Science doesn’t stop in Maine. Our partners have a number of public science events taking place outside of the MSF. See what’s happening near you and remember that #scienceiseverywhere.
See you March 16th-19th at the 3rd Annual Maine Science Festival!
March 4, 11:30am – 2:00pm: Teen Science Cafe: Location Is Everything: Using GIS to Map, Analyze, and Assess Real-world Problems. What would you do if the Machias dike washed out in a storm? How would you get an ambulance to the hospital?

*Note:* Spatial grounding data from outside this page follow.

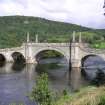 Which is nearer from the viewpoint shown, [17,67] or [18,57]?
[17,67]

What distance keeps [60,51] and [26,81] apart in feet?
111

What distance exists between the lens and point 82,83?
75500 mm

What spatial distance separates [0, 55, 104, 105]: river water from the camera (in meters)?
57.3

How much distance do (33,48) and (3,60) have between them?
52.8 ft

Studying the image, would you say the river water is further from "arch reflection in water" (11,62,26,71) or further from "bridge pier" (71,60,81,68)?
"bridge pier" (71,60,81,68)

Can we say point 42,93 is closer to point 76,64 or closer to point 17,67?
point 76,64

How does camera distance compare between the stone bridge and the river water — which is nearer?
the river water

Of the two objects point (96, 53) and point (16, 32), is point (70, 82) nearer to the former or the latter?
point (96, 53)

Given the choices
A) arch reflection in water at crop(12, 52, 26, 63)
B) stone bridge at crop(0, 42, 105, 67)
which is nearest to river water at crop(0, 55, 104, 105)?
stone bridge at crop(0, 42, 105, 67)

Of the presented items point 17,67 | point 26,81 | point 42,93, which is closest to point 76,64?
point 17,67

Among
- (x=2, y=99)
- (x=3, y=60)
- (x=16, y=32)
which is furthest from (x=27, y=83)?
(x=16, y=32)

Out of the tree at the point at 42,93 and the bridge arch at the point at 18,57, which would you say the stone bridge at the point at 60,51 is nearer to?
the bridge arch at the point at 18,57

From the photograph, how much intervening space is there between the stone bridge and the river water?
15.7 feet

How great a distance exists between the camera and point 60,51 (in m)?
109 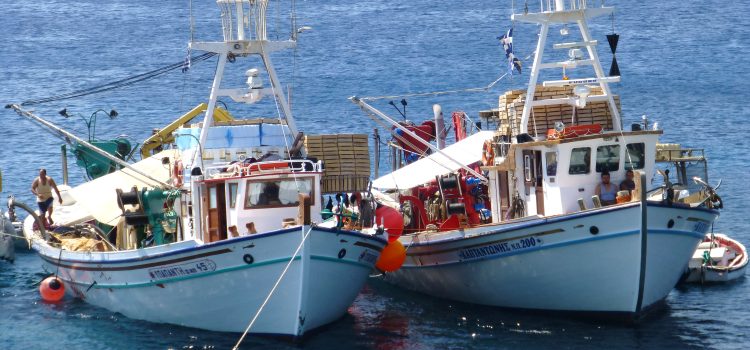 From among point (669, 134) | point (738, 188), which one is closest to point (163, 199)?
point (738, 188)

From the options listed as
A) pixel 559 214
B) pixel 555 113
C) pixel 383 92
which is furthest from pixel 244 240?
pixel 383 92

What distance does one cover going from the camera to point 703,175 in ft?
123

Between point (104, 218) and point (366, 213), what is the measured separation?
735 centimetres

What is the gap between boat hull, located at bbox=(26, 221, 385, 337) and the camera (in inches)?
1156

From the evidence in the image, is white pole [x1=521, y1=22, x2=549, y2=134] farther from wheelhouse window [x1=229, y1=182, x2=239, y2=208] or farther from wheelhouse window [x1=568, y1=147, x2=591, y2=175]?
wheelhouse window [x1=229, y1=182, x2=239, y2=208]

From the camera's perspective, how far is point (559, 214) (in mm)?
31719

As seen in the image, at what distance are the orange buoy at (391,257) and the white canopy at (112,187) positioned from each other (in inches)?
261

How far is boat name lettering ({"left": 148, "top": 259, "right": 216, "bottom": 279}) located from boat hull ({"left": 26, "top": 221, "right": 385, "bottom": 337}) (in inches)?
1.1

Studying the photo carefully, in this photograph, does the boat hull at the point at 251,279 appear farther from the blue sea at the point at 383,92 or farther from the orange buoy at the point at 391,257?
the orange buoy at the point at 391,257

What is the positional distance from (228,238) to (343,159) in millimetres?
3958

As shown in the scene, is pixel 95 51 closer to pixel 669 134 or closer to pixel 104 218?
pixel 669 134

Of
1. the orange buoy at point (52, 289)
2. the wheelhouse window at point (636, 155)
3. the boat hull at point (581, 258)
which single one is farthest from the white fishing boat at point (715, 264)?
the orange buoy at point (52, 289)

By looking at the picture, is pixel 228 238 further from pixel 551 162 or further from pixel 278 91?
pixel 551 162

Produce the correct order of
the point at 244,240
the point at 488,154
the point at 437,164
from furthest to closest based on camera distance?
the point at 437,164
the point at 488,154
the point at 244,240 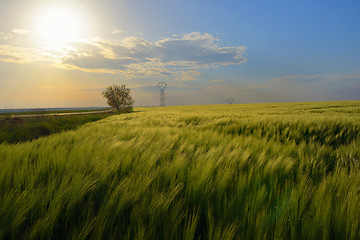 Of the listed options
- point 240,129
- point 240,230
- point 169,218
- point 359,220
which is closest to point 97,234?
point 169,218

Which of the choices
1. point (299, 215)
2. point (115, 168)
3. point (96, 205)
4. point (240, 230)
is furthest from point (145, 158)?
point (299, 215)

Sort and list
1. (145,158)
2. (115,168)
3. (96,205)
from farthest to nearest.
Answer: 1. (145,158)
2. (115,168)
3. (96,205)

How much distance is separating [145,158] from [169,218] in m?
0.82

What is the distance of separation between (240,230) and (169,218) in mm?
301

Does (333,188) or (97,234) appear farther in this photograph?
(333,188)

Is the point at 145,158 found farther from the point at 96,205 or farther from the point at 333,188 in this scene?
the point at 333,188

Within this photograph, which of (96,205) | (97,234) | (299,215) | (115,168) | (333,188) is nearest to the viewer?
(97,234)

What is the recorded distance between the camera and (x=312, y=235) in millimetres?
653

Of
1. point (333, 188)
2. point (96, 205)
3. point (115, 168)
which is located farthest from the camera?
point (115, 168)

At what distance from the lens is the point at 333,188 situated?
103 cm

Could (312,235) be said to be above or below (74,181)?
below

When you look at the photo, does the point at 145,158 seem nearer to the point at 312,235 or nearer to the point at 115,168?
the point at 115,168

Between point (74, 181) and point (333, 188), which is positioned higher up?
point (74, 181)

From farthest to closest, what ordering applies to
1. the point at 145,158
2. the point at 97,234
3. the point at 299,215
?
the point at 145,158, the point at 299,215, the point at 97,234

How would you get to the grocery store if you lived in East Machis? Continuing on the First Responders/Emergency Management themes we began to explore at the Zombie Apocalypse, Dr. Tora Johnson will lead us on a mission to plan routes if a disaster happens in Washington County.
No fee; registration begins at 11:45am followed by lunch. Presentation and activity with Dr. Tora Johnson will be in the GIS Lab in Torrey Hall.
University of Maine, Machias, Kilburn Commons Dining Hall, 116 O’Brien Ave, Machias
March 6, 5:00 – 6:00pm: MDI Science Café: Nanotechnology and the Futurist Green Material, Nanocellulose. Entrepreneur Nadir Yildirim, Ph.D., will talk about the potential of microscopic wood fibers called nanocelluloses to transform Maine’s forest products industry.
Pre-registration not required, but recommended.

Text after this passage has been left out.